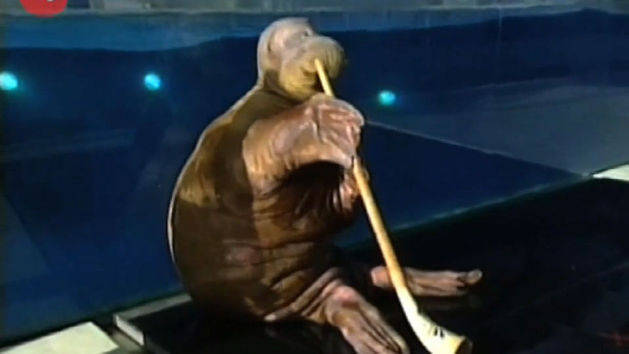 Walrus Toots His Own Horn!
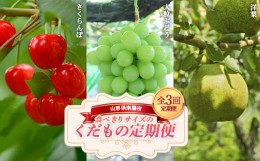 【ふるさと納税】【令和6年産先行予約】 《定期便3回》 食べきりサイズの くだもの定期便 『南陽中央青果市場』 フルーツ 山形県 南陽市 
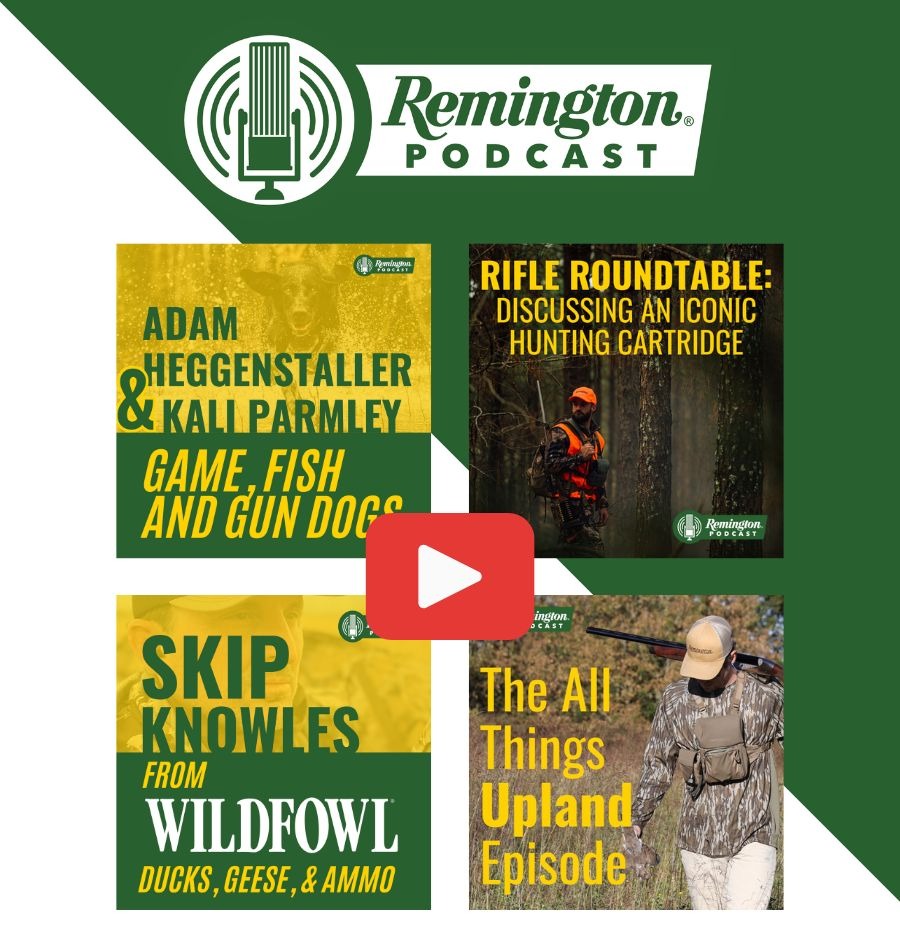 Remington Podcast update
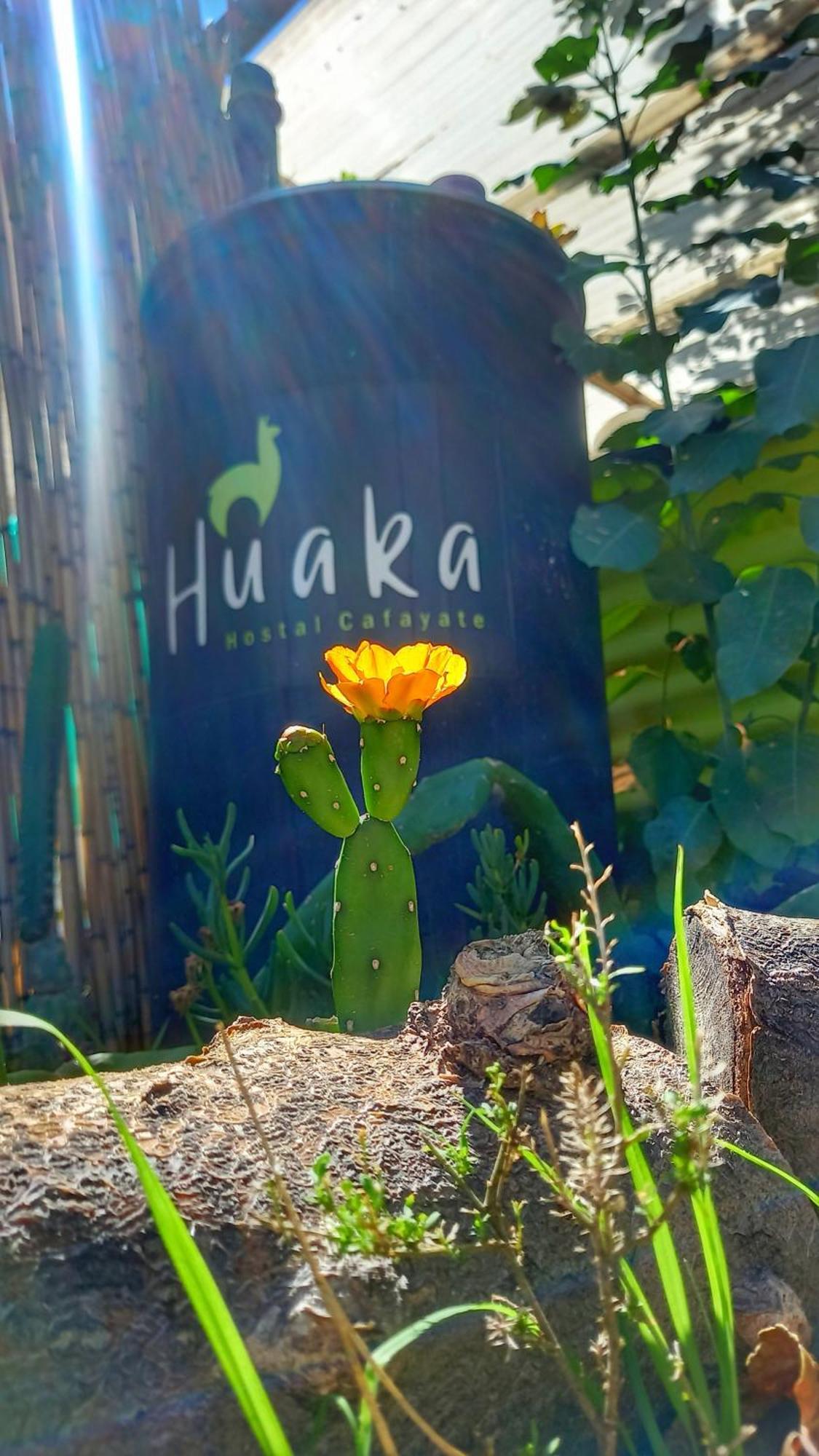 Huaka Hostel And Guest House Cafayate Extérieur photo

======

Reproduce the whole of the data, word for word, and omit its pictures.

 Walrus Toots His Own Horn!
 【ふるさと納税】【令和6年産先行予約】 《定期便3回》 食べきりサイズの くだもの定期便 『南陽中央青果市場』 フルーツ 山形県 南陽市 
 Remington Podcast update
 Huaka Hostel And Guest House Cafayate Extérieur photo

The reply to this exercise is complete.